The input:
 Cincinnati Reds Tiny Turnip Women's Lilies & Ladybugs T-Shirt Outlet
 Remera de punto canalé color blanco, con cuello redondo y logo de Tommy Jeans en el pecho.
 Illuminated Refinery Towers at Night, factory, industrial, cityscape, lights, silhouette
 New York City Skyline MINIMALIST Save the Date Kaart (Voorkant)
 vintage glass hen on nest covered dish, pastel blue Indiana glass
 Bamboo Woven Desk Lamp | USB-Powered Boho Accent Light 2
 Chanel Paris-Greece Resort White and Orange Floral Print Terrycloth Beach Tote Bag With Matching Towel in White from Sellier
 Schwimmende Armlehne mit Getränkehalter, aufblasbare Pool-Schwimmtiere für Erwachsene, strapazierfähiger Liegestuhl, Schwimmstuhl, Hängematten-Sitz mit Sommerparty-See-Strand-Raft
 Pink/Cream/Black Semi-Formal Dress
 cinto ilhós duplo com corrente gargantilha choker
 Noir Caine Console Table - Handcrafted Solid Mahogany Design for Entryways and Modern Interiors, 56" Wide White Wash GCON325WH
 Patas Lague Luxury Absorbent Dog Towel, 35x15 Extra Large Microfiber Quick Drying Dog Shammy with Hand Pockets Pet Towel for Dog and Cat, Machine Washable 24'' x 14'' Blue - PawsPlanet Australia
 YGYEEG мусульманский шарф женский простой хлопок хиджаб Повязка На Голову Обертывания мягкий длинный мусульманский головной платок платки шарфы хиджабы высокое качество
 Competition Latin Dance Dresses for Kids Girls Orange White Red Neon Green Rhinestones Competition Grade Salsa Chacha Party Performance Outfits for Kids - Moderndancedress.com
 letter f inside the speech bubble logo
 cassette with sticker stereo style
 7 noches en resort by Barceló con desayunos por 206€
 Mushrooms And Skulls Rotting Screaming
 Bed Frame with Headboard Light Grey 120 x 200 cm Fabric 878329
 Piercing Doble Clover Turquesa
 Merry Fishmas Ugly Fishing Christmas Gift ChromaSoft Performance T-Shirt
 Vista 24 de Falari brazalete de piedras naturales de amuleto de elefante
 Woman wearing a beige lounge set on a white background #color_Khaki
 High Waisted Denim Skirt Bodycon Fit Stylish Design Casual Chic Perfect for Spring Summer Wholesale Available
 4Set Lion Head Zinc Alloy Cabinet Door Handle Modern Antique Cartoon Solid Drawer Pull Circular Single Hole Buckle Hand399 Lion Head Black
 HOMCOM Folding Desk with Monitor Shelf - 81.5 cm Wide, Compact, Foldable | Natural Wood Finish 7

Problem to solve: Every line in the records that holds the word "logo" should be copied into the answer.

Exercise result:
 Remera de punto canalé color blanco, con cuello redondo y logo de Tommy Jeans en el pecho.
 letter f inside the speech bubble logo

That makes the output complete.